2016 NHL Draft
C Sam Steel
Regina Pats (WHL)
Steve Kournianos | 04/5/2016 | New York | [hupso]
Height/Weight: 5’11, 176 lbs
Born: February 3, 1998 Sherwood Park , AB
The Draft Analyst Ranking: 24th (March)
Obtained: Selected by the Regina Pats in the first round (second overall) in the 2013 WHL Bantam Draft.
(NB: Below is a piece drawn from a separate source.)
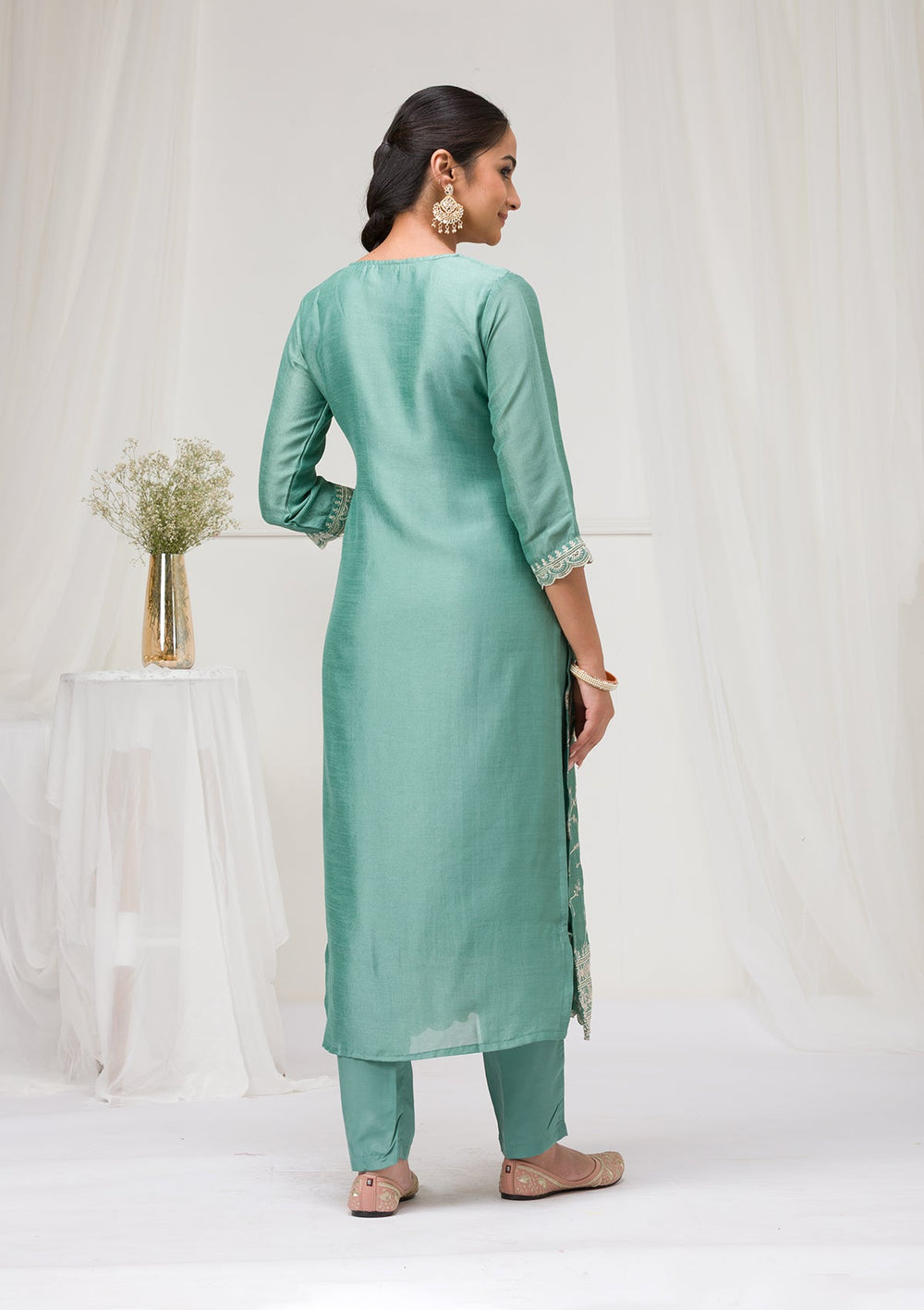 Sea Green Threadwork Raw Silk Readymade Salwar Suit-Koskii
Notes: 2015-16: Ranked third on Regina in assists (47) and tied for third in points (70)…Recorded points in 16 of his last 23 regular season games…Thirty of his 37 assists were primary…Ranked 29th in the WHL in shootout efficiency (3 for 8)…Played for Team Cherry at the 2016 CHL Top Prospects Game…Recorded a goal and two assists in five games to help Team Canada win the gold medal at the 2015 under-18 Ivan Hlinka Memorial Cup…2014-15: Placed third among WHL rookies in scoring with 54 points in 61 games…Registered second-most assists (37) among first-year players…Netted a goal and two assists in five games for Team Canada-Black at the 2014 World U17 Hockey Challenge.
*Through April 5th, 2016
Steel made immediate noise in the WHL after Regina made him the second overall pick in 2013, placing among the leaders in scoring categories, and bridging his team’s rebuilding gap. He’s part of an impressive group of 1998-born draft eligibles to come out of Western Canada, and some might say he’s at or near the top of an impressive list of WHL forwards. Steel is an excellent scorer from the center ice position, with the smarts to augment an elite finesse game. He’s very good around the net, using his quick hands and keen vision to create multiple opportunities without the benefit of time or space. Slight of frame, Steel relies on his first-step quickness and acceleration to distance himself from opposing checkers. He keeps his head up as he blasts through the neutral zone, cutting, curling and shifting in order to maintain possession. He doesn’t like to get hit, but plays a feisty enough game to get involved as long as he doesn’t have to pay a heavy price along the boards.
A power play specialist with a penchant for delivering in the clutch, Steel has a very good shot that he wires hard off the pass or off his back foot. He simply doesn’t use it enough, but he gets a mulligan when you consider he uses common sense more than constantly deferring to the shot or pass on first impulse. He plays in all situations and can be groomed as a realistic two-way option for the pivot.